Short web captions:
• • • • • • •

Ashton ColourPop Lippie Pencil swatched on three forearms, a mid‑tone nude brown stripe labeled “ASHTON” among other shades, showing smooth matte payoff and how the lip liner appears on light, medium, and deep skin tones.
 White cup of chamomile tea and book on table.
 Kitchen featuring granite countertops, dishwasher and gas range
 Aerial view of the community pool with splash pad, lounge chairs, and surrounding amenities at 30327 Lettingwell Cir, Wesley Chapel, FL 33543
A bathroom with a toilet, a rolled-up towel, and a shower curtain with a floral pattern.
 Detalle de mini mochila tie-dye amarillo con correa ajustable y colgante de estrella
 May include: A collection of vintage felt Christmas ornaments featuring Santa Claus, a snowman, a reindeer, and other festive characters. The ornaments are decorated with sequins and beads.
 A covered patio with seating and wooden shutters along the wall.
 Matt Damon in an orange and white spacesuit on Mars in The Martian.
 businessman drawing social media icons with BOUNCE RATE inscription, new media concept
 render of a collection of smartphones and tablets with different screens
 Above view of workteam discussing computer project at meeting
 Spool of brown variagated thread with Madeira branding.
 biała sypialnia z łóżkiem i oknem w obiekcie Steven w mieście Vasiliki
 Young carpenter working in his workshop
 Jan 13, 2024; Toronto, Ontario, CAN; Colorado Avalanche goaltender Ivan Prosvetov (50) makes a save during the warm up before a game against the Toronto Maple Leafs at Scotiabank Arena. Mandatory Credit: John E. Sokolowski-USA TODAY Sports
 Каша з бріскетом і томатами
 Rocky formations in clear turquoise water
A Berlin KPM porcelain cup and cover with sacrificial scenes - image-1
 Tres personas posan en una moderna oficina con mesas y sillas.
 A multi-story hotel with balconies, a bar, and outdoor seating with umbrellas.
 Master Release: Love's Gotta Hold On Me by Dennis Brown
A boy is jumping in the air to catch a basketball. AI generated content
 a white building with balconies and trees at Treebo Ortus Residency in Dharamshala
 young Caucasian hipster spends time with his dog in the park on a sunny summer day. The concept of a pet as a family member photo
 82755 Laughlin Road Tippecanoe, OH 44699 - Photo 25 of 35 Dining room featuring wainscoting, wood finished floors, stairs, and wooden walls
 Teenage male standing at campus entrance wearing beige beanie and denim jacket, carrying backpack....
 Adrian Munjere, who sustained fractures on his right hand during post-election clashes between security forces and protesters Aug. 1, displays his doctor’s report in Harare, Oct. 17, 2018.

• • • • • • •

_Activity_. Copy word for word the stretch of entries above from the line that has "Master Release: Love's" through the line that has "a white building", both ends included, and nothing outside it.

_Answer below_.
 Master Release: Love's Gotta Hold On Me by Dennis Brown
A boy is jumping in the air to catch a basketball. AI generated content
 a white building with balconies and trees at Treebo Ortus Residency in Dharamshala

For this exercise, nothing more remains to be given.